Between The Breasts - Analysis

A toast that curdles into a critique

This poem pretends to cheer for the large / men—even shouting hooray / hoorah—but its real work is to expose how male praise can be a kind of possession. Cummings sets up a world where women’s bodies become the staging ground for men’s self-congratulation: men lie between Marj’s breasts, and their boastful admiration turns her into a prop. The title Between the Breasts announces the narrowness of their attention; the poem keeps returning to that cramped space as if it were the only place these men know how to be.

Marj as terrain: “bestial” intimacy

The opening is deliberately ugly: between the breasts / of bestial / Marj. Bestial doesn’t only insult Marj; it stains the whole scene with animal appetite, suggesting sex without tenderness, and maybe without full personhood. The men praise, but the praise is inseparable from their physical sprawl: they lie large. Even the line breaks feel like bodies taking up space, stretching themselves across her. Marj is described as cleancornered strokable—language that makes her into something handled, like an object with edges, meant for touch rather than talk.

Hands that move the world, bodies that “booze”

A key turn arrives when the poem shifts from sex to work. These men’s fingers toss trunks, shuffle sacks, spin kegs; the list is physical, repetitive, and heavy. It’s as if their masculinity is proven by hauling and handling—especially with alcohol-laden freight like kegs. Then, in a sly slide, the same hands curl / loving / around / beers. The poem makes a sharp contradiction: the world has these men’s hands—their labor belongs to everyone—but their / bodies big and boozing / belong to / Marj. The claim of belonging sounds like romance, yet it’s phrased like ownership, as if Marj’s role is to receive what the world has already used up.

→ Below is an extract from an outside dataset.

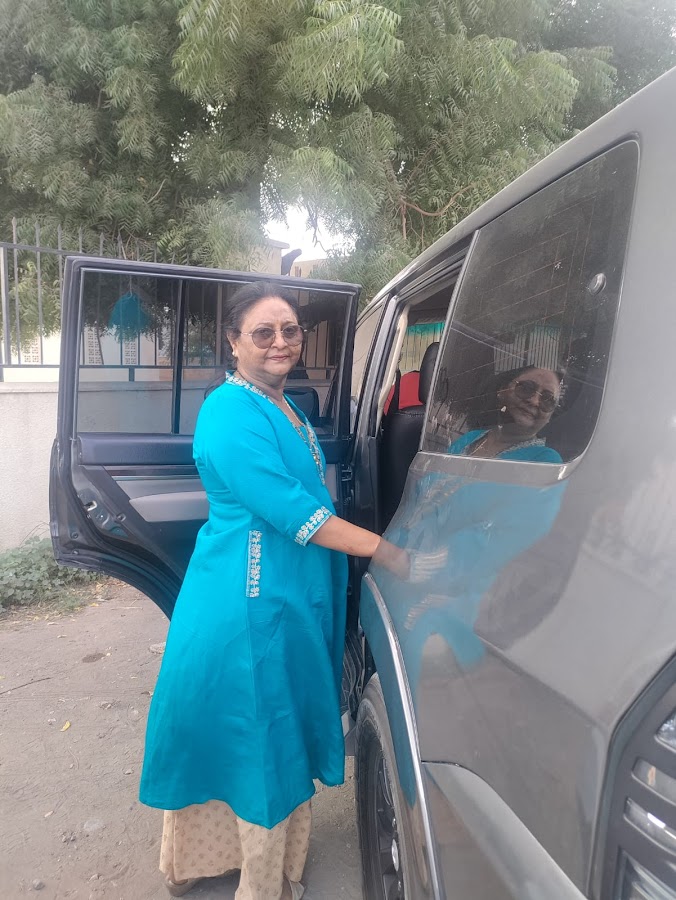 HIGHWAY RENT A CAR (AL Mirage GHALA) — photo 3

The “greenslim purse” and the economics of desire

Marj’s face becomes another object, but now it’s financial: the greenslim purse of her face opens on a fatgold / grin. Green and gold pull the scene toward money—wages, tips, bar-light, or the cash economy around drinking and sex. Calling her face a purse implies she’s a container meant to open, and the grin reads as both performance and payment: a smile that might be required, rewarded, or bought. The men’s cheering—hooray / hoorah—starts to sound like the chant of customers applauding themselves for being customers.

The last twist: from Marj’s breasts to Lil’s legs

The poem ends by repeating the beginning—between the breasts / of bestial Marj—only to yank the focus elsewhere: for the strong men / who / sleep between the legs of Lil. That final substitution matters. It hints that Marj is not unique but interchangeable, and that the men’s so-called devotion is portable: today Marj, tomorrow Lil. It also sharpens the poem’s skepticism about the word strong. Strength here seems less like character than like bulk, stamina, drinking capacity, and sexual access—qualities the poem showcases and mocks at once.

A sharper question the poem won’t let go

If the world has / these men’s hands, what exactly do the men have of themselves? The poem suggests an unnerving answer: not much beyond beer, praise, and a place to put their weight. In that light, Marj’s fatgold grin becomes less a sign of joy than a badge in a system where everyone is used—men for their hands, women for the spaces between their bodies.